Nicaragua

Viajar a Nicaragua

Nicaragua recibe a los viajeros con paisajes volcánicos, arquitectura colonial, playas sensacionales y bosques vírgenes: una oferta que va desde lo impresionante hasta lo increíble.

Existen pocos destinos con tanta belleza y tan poco explotados como Nicaragua. Antes de que uno se percate, ya se ha apartado de las rutas turísticas para adentrarse en un mundo de montañas majestuosas, granjas cooperativas, humedales poblados de fauna y playas vacías cubiertas de jungla. Más adelante se descubren remotas comunidades indígenas, ruinas precolombinas invadidas por la vegetación y selvas tropicales intactas.

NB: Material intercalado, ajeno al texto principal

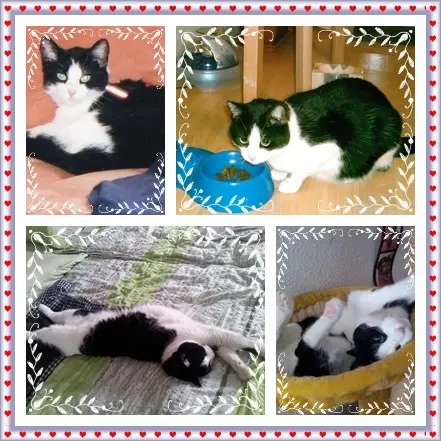 Condolence image of deiner Ilse zum 1. Todestag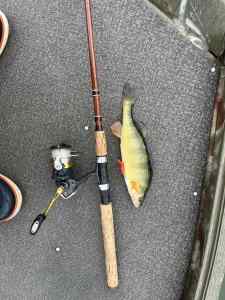 IMG_7061.jpeg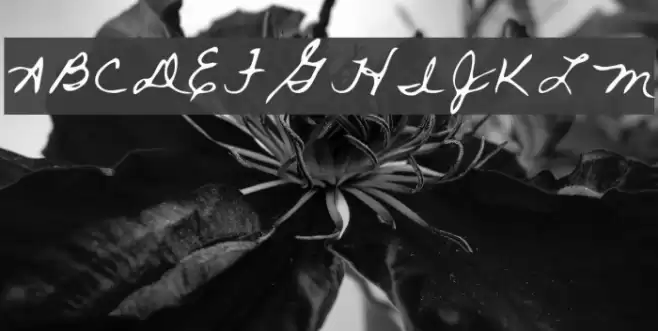 Rai Regular Font examples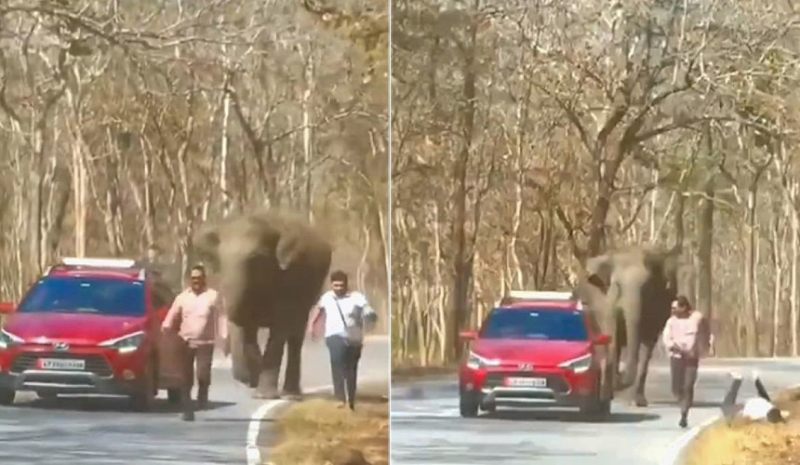 Новости туризма: в Индии слониха напала на туристов в заповеднике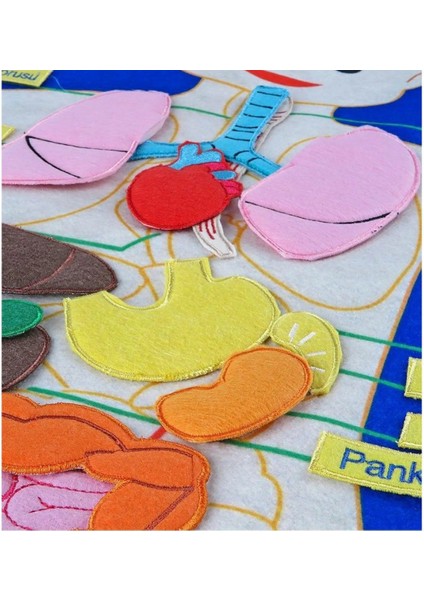 AND-5120 Vücudumuz Cırtlı Pano fiyatları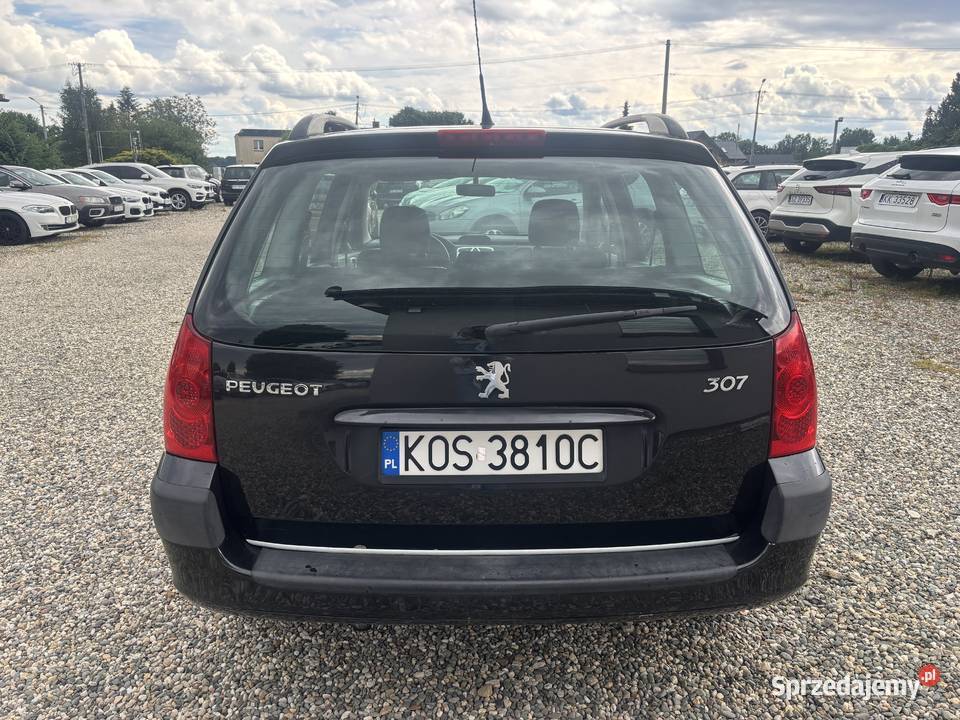Peugeot 307 manualna 307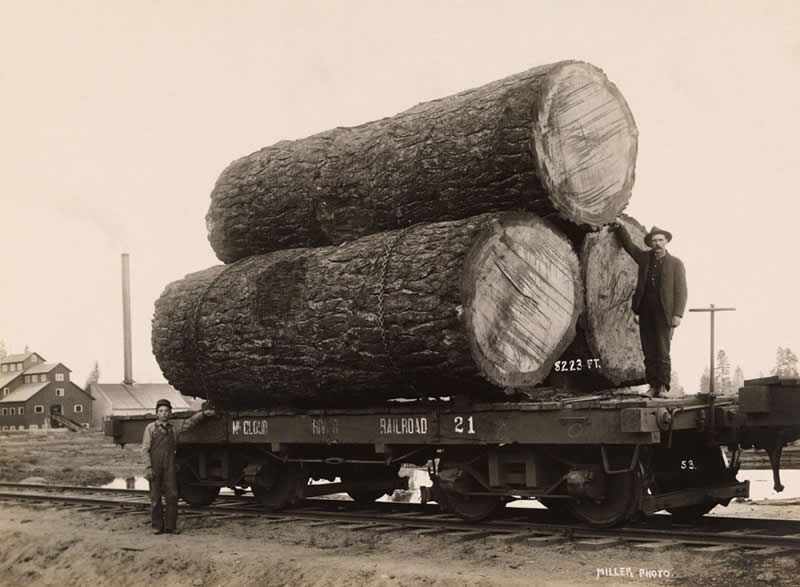 33 Unseen Photographs That Reframe American History 46 Logs loaded on a railroad flatcar in Oregon, circa 1900s.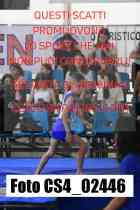 CS4_02446-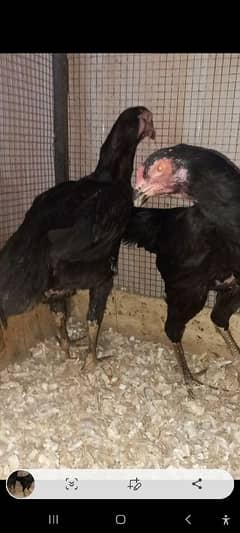 black shamo female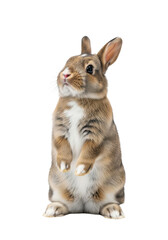 Young rabbit with mottled fur, white chest patch, standing on hind legs, head tilted, bright white studio background, high-key lighting, concept of pure cuteness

La diversidad geográfica de Nicaragua es perfecta para vivir emocionantes aventuras al aire libre. No hay letreros, ni gentío, ni restricciones. Desde el Caribe cristalino hasta el batiente Pacífico, las playas nicaragüenses tampoco se quedan a la zaga; los grandes tubos de Rivas son venerados en círculos surfistas, mientras que las aguas claras de las islas del Maíz son fabulosas para el buceo con tubo.

Pero no todo es actividad en Nicaragua; su esplendor colonial se sirve en dos sabores bien diferenciados pero igual de sugestivos: las elegantes calles de Granada –la ciudad colonial mejor conservada del país– poseen gracia arquitectónica, en tanto que León, menos refinada, es un ciudad vibrante y demasiado activa para que parezca un museo.